If URLs that are blocked by robots.txt are getting indexed by Google, it may point to insufficient content on the site’s accessible pages
Why might an eCommerce site’s faceted or filtered URLs that are blocked by robots.txt (and have a canonical in place) still get indexed by Google? Would adding a noindex tag help? John replied that the noindex tag would not help in this situation, as the robots.txt block means it would not be seen by Google.
He pointed out that URLs might get indexed without content in this situation (as Google cannot crawl them with the block in robots.txt), but they would be unlikely to show up for users in the SERPs, so should not cause issues. He went on to mention that, if you do see these blocked URLs being returned for practical queries, then it can be a sign that the rest of your website is hard for Google to understand. It could mean that the visible content on your website is not sufficient for Google to understand that the normal (and accessible) pages are relevant for those queries. So he would first recommend looking into whether or not searchers are actually finding those URLs that are blocked by robots.txt. If not, then it should be fine. Otherwise, you may need to look at other parts of the website to understand why Google might be struggling to understand it.

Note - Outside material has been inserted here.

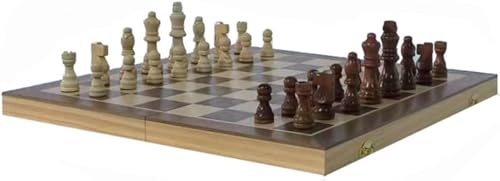 Internationales Schach, Holzschachspiel, Magnetisches Schachspiel, Klappbares Schachbrett mit Schachfiguren und Aufbewahrungsschlitz für Familienspiele, Geschenke, Schachgeschenke von UGKSBDVJK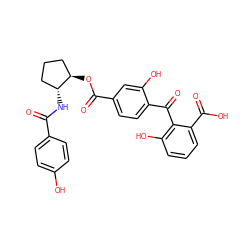 O=C(N[C@@H]1CCC[C@H]1OC(=O)c1ccc(C(=O)c2c(O)cccc2C(=O)O)c(O)c1)c1ccc(O)cc1 ZINC000013474180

Empty or Thin Pages Can be Served if Different Content is Shown Depending on Location
Empty or thin pages may be displayed in Google’s index if different content is served based on the visitor’s location. E.g. if a full content page is served to US visitors but not to non-US visitors, the page might still be indexed as Googlebot crawls from the US but non-US visitors wouldn’t see the content.

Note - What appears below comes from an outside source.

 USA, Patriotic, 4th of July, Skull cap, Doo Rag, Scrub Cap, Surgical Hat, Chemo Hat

Noindex Thin Pages That Provide Value to Users on Site But Not in Search
Some pages on your site may have thin content so it won’t be as valuable to have them indexed and shown in search, but if they are useful to users navigating your website then you can noindex them rather than removing them.
Focus on Creating Fewer Stronger Pages Rather Than Splitting Them Up
John recommends focusing on having fewer, stronger pages rather than splitting up longer pieces of content into separate pages to target different queries.

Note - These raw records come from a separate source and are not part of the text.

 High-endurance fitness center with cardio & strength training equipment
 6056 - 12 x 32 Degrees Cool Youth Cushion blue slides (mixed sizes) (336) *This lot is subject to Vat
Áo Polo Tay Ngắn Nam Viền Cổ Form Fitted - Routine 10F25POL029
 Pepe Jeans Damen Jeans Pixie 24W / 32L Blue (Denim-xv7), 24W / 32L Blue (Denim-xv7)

A Small Proportion of Thin Pages Is Not an Issue
Thin content is a normal occurrence on websites and shouldn’t be considered a critical issue if it only impacts a small proportion of pages e.g. large news publishers may have some shorter articles which still provide unique content.
A Small Proportion of Thin Content Pages is Fine
Thin content pages can be a natural part of a site, like on category pages, and isn’t an issue with Google providing it is a small proportion of a site’s pages.
Microsites Can Be Seen as Doorway Pages
Microsites often look like a collection of doorway pages. If you are looking to build these microsites up in the long run then this might be an option, but if they don’t have value beyond driving traffic to another site, then microsites aren’t recommended for search and should be noindexed.
Google Tries to Figure Out Full Content When Encounters 206 Response Code
For pages returning the 206 response code (don’t have full content), Google follows that response code and tries to figure out the full content of the page so they can index it. Google doesn’t do anything special for this 206 response code, they try to follow the HTTP standards.
Manual Action Penalties can be Applied to Thin, Spun or Aggregated Content
Thin content penalties can be applied to sites manually by the web spam team where the entire site seems to be thin, ‘spun’, or aggregated from other sources without any unique additional value.
Google Considers Amount of Unique Content Per Page and Number of Pages with Unique Content
Google looks at how much text on each page is unique, and how many pages have unique content.